Wer setzt IPv6 heute ein?

Ich hatte vor, im Buch IPv6 Essentials ein Kapitel über den 6Bone zu schreiben. Der 6Bone ist ein weltweites Testnetz, an dem über 1.000 Hosts aus 50 verschiedenen Ländern beteiligt sind. Seine Anfänge gehen zurück ins Jahr 1996. Damit wollte ich zeigen, daß IPv6 heute schon viel mehr ist als nur ein Standard auf Papier, daß es lebt und eingesetzt wird. Als ich anfing, an diesem Kapitel zu arbeiten, stellte ich zu meinem Erstaunen fest, daß es bereits eine größere Zahl von produktiven und kommerziellen Netzwerken gibt, die IPv6 einsetzen. Beispiele dafür sind NTT Communications in Japan und Telia in Schweden. Gespräche mit den zuständigen Projektleitern haben ergeben, daß es zwar einige Dinge gibt, die sie noch vermissen, daß sie aber alles haben, was sie benötigen, um IPv6 einzusetzen. Was heute noch fehlt, ist eine verbreitete Unterstützung von IPv6 in Applikationen. Dieser Aufruf geht also an alle Middleware- und Applikationsentwickler: Der Markt wartet darauf, daß Ihr Eure Produkte IPv6-ready macht!
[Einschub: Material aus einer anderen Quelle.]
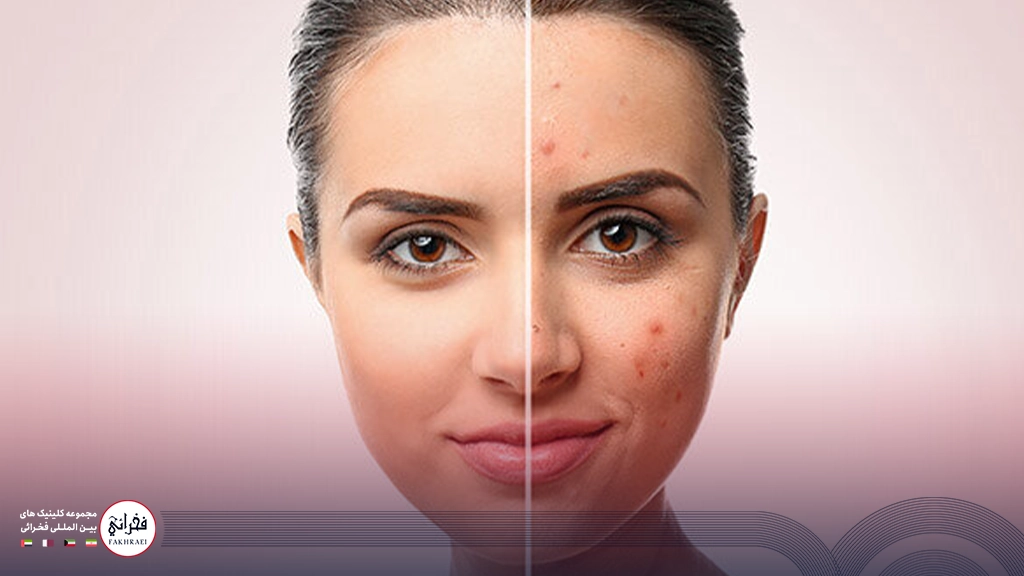 میکرونیدلینگ بهتر است یا لیزر co2-زنی با دو نیمه صورت بدون جوش و جوش دار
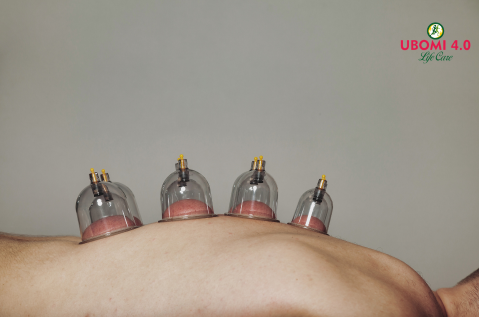 dry cupping therapy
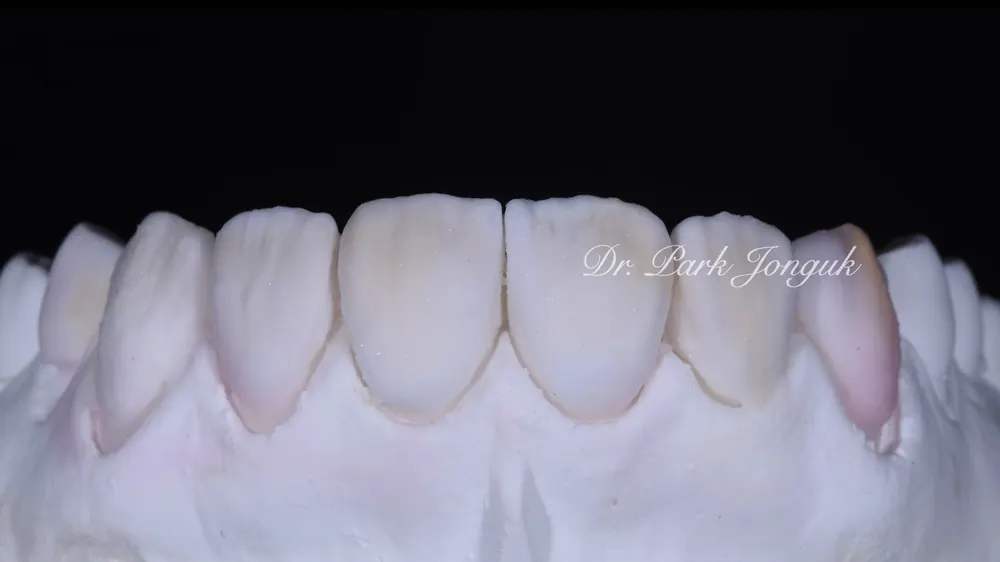 Four Ways to Fabricate Laminate Veneers, Part 2 — photo 8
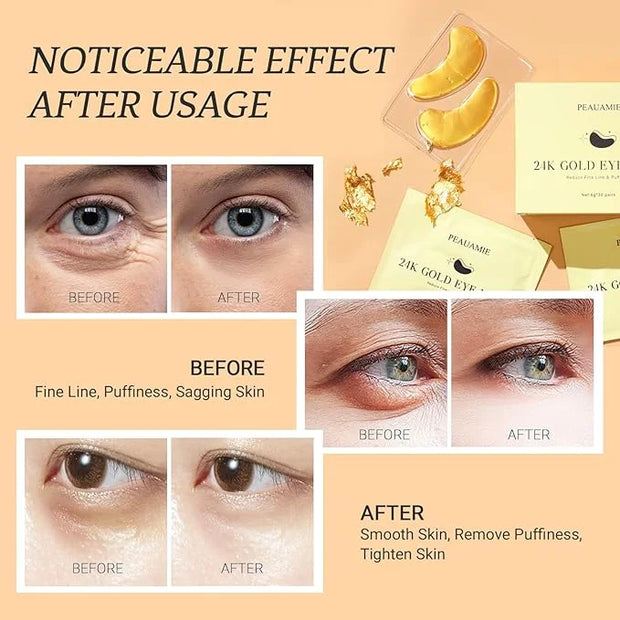 Under Eye Patchs 24k Gold Eye Mask and Hyaluronic Acid and Rose for Dark Circles and Puffiness Wrinkle Eye Bags 30 Pairs -...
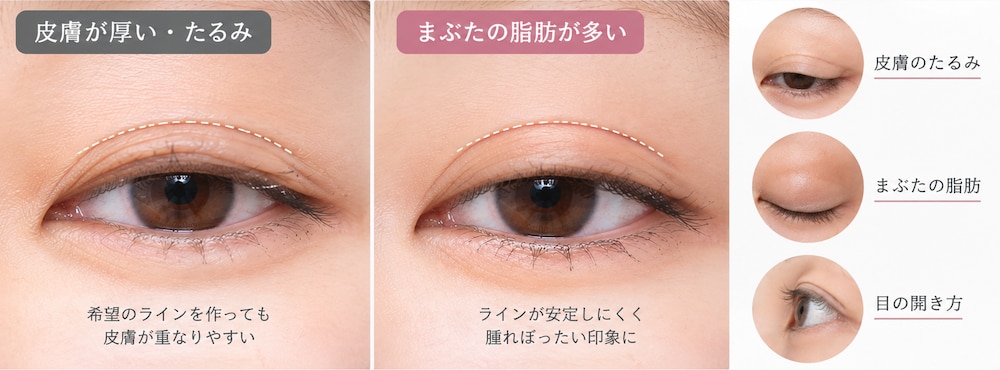 原因② まぶたの皮膚や脂肪の状態に合っていない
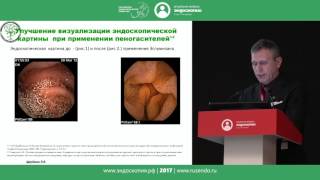Нюансы визуализации слизистой оболочки кишечника при капсульной колоноскопии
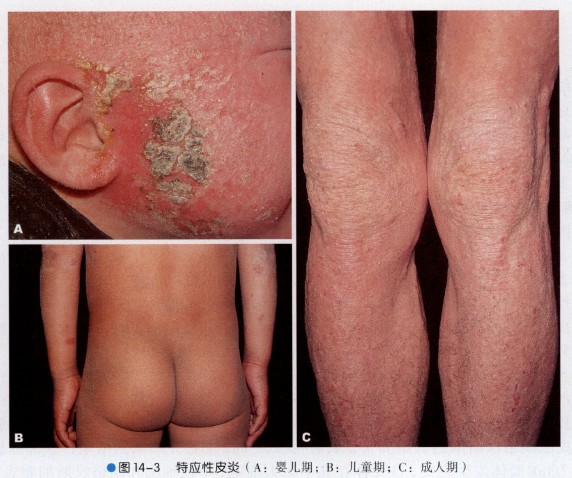 孩子反复湿疹皮炎怎么回事,婴儿长期湿疹会变成特应性皮炎吗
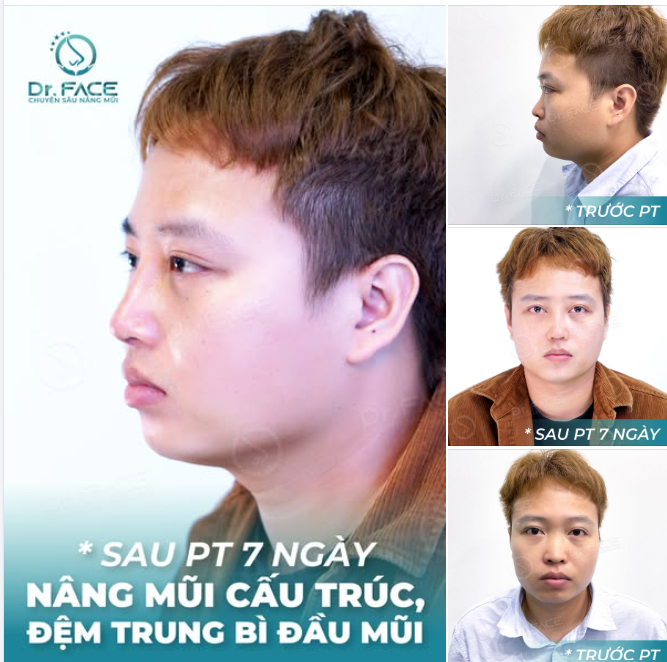 MỘT CA MŨI NAM GIỚI QUÁ MEN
In Deutschland gibt es ein interessantes Pilotprojekt von Ärzten, Guardian Angel System (GANS) genannt. Es wurde in einer Zusammenarbeit der Universitäten Tübingen und Stuttgart sowie Ericsson Telebit im Rahmen des EU-Projekts 6WINIT realisiert. Dieses System stellt Teams, die im Einsatz bei lebenskritischen Notfällen sind (in Ambulanzen, Notfallräumen, bei Heimbesuchen), medizinische Hilfe von Spezialisten zur Verfügung. Das Team vor Ort kann sich mit den Spezialisten in Verbindung setzen. Alle zur Unterstützung notwendigen Daten (Übermittlung von Daten wie z.B. Herztöne, Übermittlung von Bildern, damit die Spezialisten sehen, was vor Ort passiert, und Übermittlung von Ton, damit die Spezialisten mit dem Team vor Ort reden können) werden über ein IPv6-basiertes Netzwerk übertragen. Ein möglicherweise lebensrettender Einsatz von IPv6. Zur Zeit läuft ein Pilotversuch über ein Kabelnetz, da noch keine breitbandigen kabellosen Netze zur Verfügung stehen. Außerdem wird das System zunächst an einem realistischen Patientensimulator evaluiert, um während der Tests keine Patienten zu gefährden. Ende 2002 ist ein Pilotversuch mit einem UMTS-Testnetz geplant. Die Initiatoren dieses interessanten Projekts suchen Partner für dieses und ein weiteres EU-Forschungsprojekt (Partner für die Gründung einer Firma zum Betrieb des GANS, Partner sowohl im Bereich der Technologie wie auch der assoziierten Bereiche, z.B. Versicherungen, Rückversicherungen, Medizingerätehersteller, Pharmakonzerne etc.).

Seit rund zwei Jahren gibt es von den meisten Herstellern produktive IPv6-Stacks. Marktanalysten sagen folgende Entwicklung für die Verbreitung von IPv6 voraus: Die Verbreitung von IPv6 bei Internet Service Providern (ISP) und in Firmen wird Ende 2002, spätestens 2003 beginnen. Gartner Group schätzt, daß bis zum Jahr 2006 rund 50 % der ISPs kommerzielle IPv6-Dienste anbieten werden. Man erwartet, daß in den Jahren 2005/2006 die Zahl der IPv4-Hosts allmählich anfängt abzunehmen und daß die Zahl der IPv6-Hosts stark zunehmen und bald höher sein wird als die Zahl der IPv4-Hosts.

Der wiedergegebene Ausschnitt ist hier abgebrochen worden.